→ What to produce: Using the data below, restate exactly every line from the one with "Phragmites Dried Flowers" up to and including the one with "Do adopcji Nowy Dwór Mazowiecki". No picture belongs in it.

→ Supplied information:
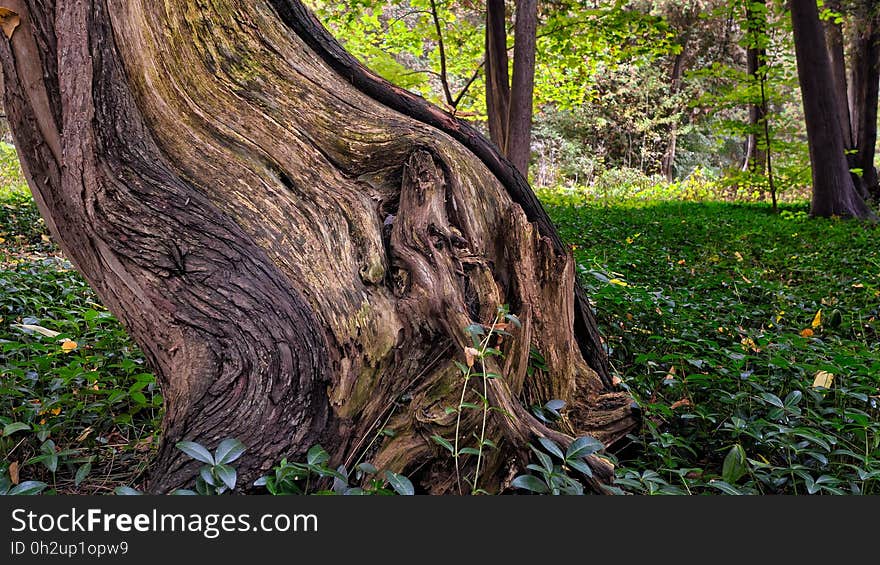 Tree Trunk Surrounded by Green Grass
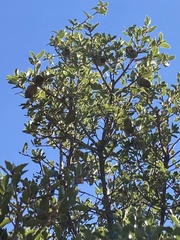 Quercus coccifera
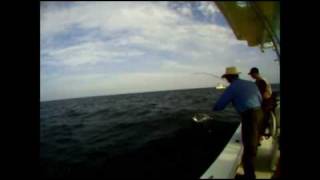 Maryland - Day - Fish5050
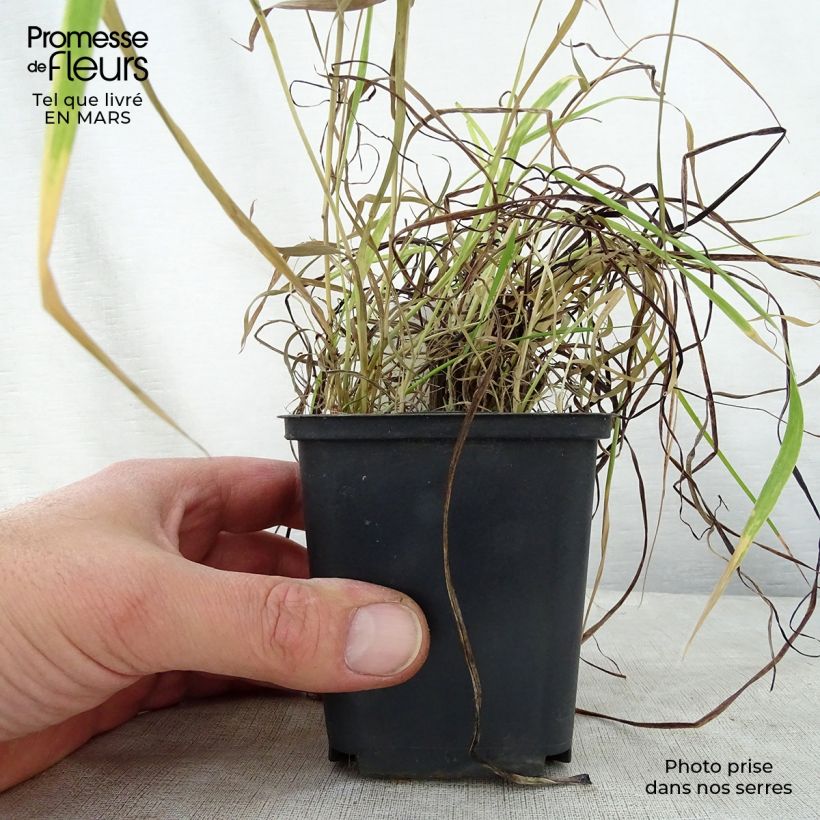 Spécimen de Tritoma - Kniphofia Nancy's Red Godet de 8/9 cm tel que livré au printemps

...

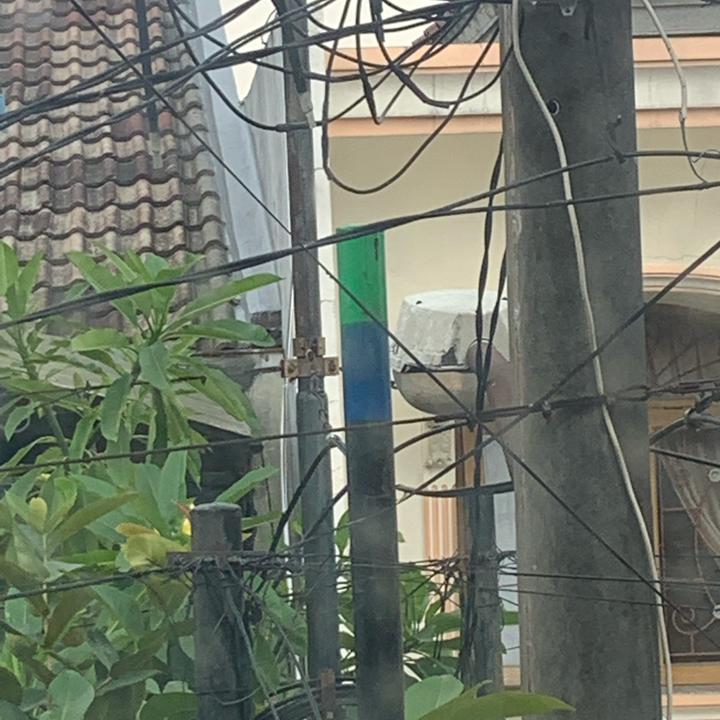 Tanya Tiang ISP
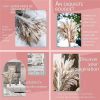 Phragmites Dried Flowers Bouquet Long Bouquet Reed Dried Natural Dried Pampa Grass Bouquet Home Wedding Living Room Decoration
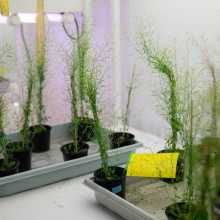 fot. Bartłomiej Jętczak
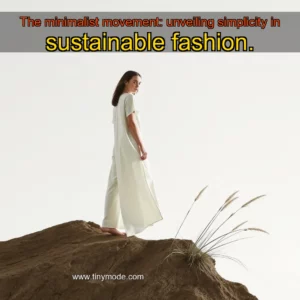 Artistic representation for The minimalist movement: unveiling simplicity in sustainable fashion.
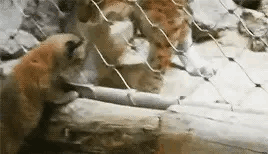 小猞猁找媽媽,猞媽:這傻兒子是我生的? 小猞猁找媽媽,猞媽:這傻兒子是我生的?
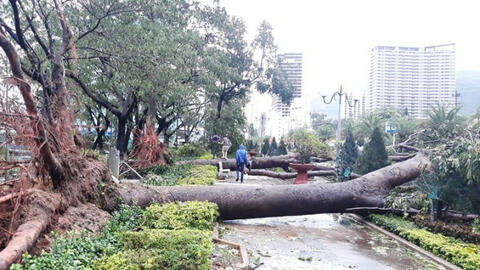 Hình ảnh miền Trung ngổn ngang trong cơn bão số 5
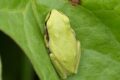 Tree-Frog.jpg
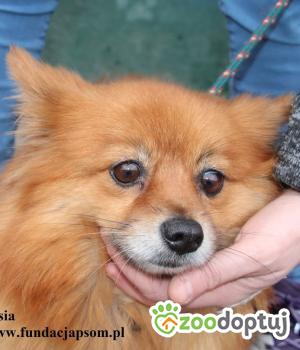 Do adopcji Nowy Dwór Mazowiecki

* * *

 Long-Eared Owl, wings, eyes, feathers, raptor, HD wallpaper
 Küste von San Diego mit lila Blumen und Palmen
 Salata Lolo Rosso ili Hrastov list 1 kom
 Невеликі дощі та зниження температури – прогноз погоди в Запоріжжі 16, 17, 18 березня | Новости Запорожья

→ Exercise solution:
 Phragmites Dried Flowers Bouquet Long Bouquet Reed Dried Natural Dried Pampa Grass Bouquet Home Wedding Living Room Decoration
 fot. Bartłomiej Jętczak
 Artistic representation for The minimalist movement: unveiling simplicity in sustainable fashion.
 小猞猁找媽媽,猞媽:這傻兒子是我生的? 小猞猁找媽媽,猞媽:這傻兒子是我生的?
 Hình ảnh miền Trung ngổn ngang trong cơn bão số 5
 Tree-Frog.jpg
 Do adopcji Nowy Dwór Mazowiecki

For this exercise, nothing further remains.